One major limitation of our study is the limited sample size. There are much larger studies necessary to be able to conclude whether BMI, glucose, insulin, and lipids influences ECT outcome. Another limitation is the insufficient assessment of the metabolic syndrome as this may also have an impact on ECT success. Unfortunately, we did not assess the weight at the end of the ECT series. Since the measurement of insulin and glucose was not carried out immediately after the blood was withdrawn, values may have been falsified, e.g. insulin can be broken down by hemolysis and erythrocytes dismantle glucose.

Another limitation of our study is that we did not assess the waist-to-hip-ratio as we cannot distinguish between abdominal fat distribution and peripheral fat distribution. At least Vicennati and Pasquali found in their study a difference in aforementioned fat distributions and cortisol concentrations in response to acute stressors (Vicennati and Pasquali 2000). Additionally, according to the review by Rodriguez and colleagues the abdominally obese individuals demonstrate a greater acute stress-related cortisol response (Incollingo Rodriguez et al. 2015). Accordingly, depressed patients with an abdominal fat distribution should be considered as a different subgroup.

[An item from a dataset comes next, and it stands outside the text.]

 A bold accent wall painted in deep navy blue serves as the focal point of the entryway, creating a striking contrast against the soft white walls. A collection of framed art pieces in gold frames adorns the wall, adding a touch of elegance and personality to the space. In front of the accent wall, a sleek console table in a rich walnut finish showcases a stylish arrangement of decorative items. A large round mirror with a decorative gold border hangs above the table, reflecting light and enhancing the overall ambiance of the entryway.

Furthermore, that group pointed out, that it could also be possible to have a clinically “healthy” BMI but still exhibit HPA axis dysregulation due to high abdominal adiposity (Incollingo Rodriguez et al. 2015). Therefore, in future studies the waist-to-hip-ratio should be measured when assessing obesity/BMI.

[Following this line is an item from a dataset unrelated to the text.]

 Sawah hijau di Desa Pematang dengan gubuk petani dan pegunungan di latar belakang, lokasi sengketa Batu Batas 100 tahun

In conclusion, we were not able to confirm the hypothesis that BMI, glucose homeostasis, or lipid serum levels may impact ECT response. Nevertheless, insulin and glucose are increasing after a single ECT and might display the spread of the seizure throughout the brain and the vagal nerve. For this reason, this system should be further investigated in search of an answer according to the principle of action of ECT.